Required work → All lines from the one containing "tatacliq.com Hidesign Textured" through the final line of the records below should be reproduced exactly, with the pictures left out.

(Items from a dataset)
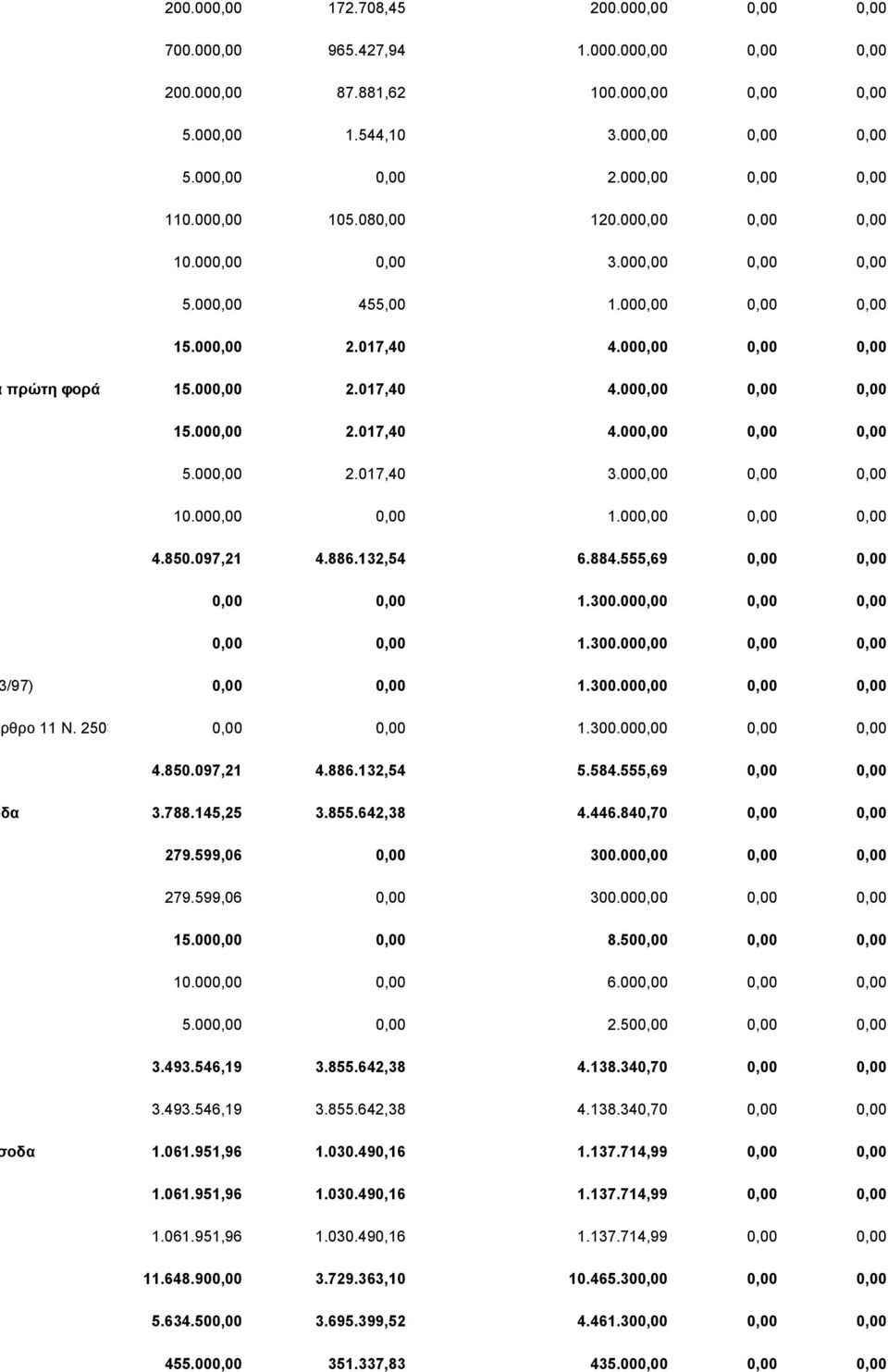 000,00 0,00 0,00 10.000,00 0,00 1.000,00 0,00 0,00 4.850.097,21 4.886.132,54 6.884.555,69 0,00 0,00 0,00 0,00 1.300.000,00 0,00 0,00 0,00 0,00 1.300.000,00 0,00 0,00 503/97) 0,00 0,00 1.300.000,00 0,00 0,00 (άρθρο 11 Ν.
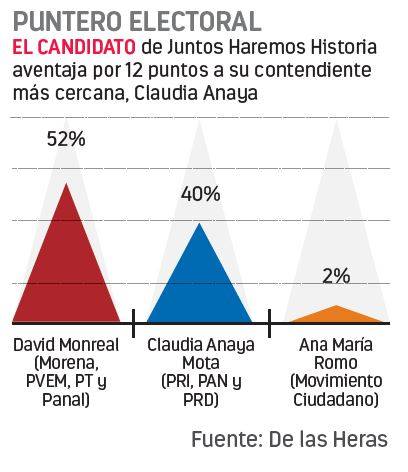 David Monreal ganaría gubernatura por amplio margen: De las Heras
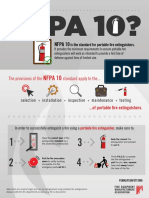 What Is NFPA 10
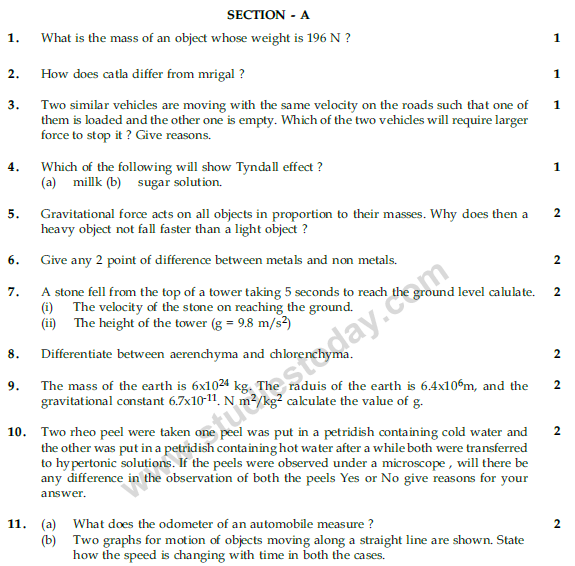 CBSE Class 9 Science Sample Paper Set Y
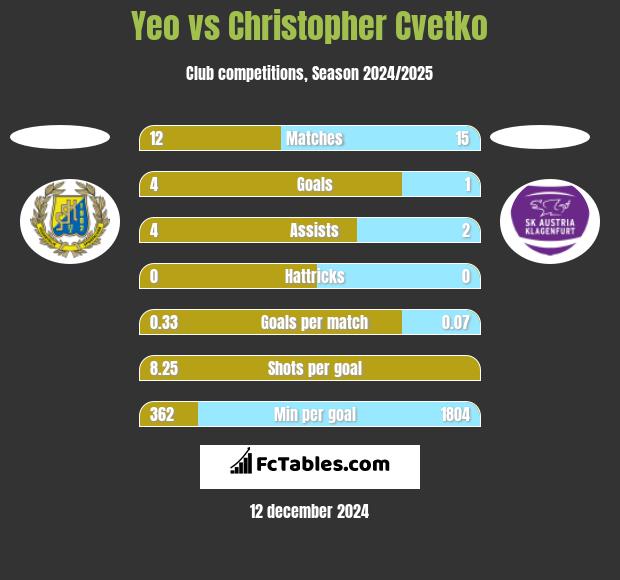 Yeo vs Christopher Cvetko h2h player stats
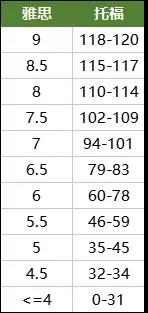 雅思托福分数换算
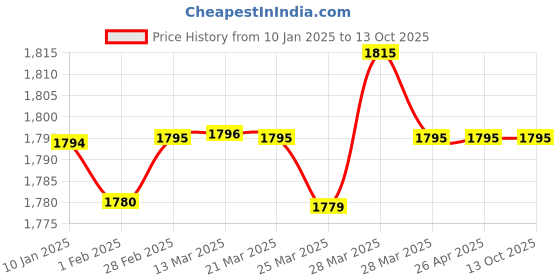 tatacliq.com Hidesign Textured Bi-Fold Wallet hidesign Price History Graph from 10 Jan 2025 to 12 Oct 2025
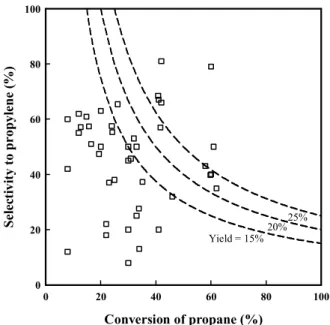 Figure  7.  Catalytic  activities  obtained  over  various  catalysts  for  ODHP[26,28,29].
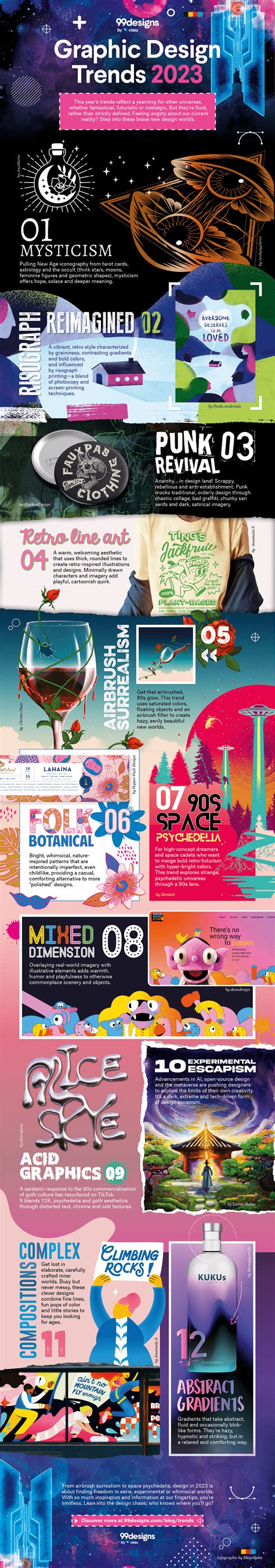 12 Graphic Design Trends for 2023 - Shit Hot Infographics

Written answer →
 tatacliq.com Hidesign Textured Bi-Fold Wallet hidesign Price History Graph from 10 Jan 2025 to 12 Oct 2025
 Figure  7.  Catalytic  activities  obtained  over  various  catalysts  for  ODHP[26,28,29].
 12 Graphic Design Trends for 2023 - Shit Hot Infographics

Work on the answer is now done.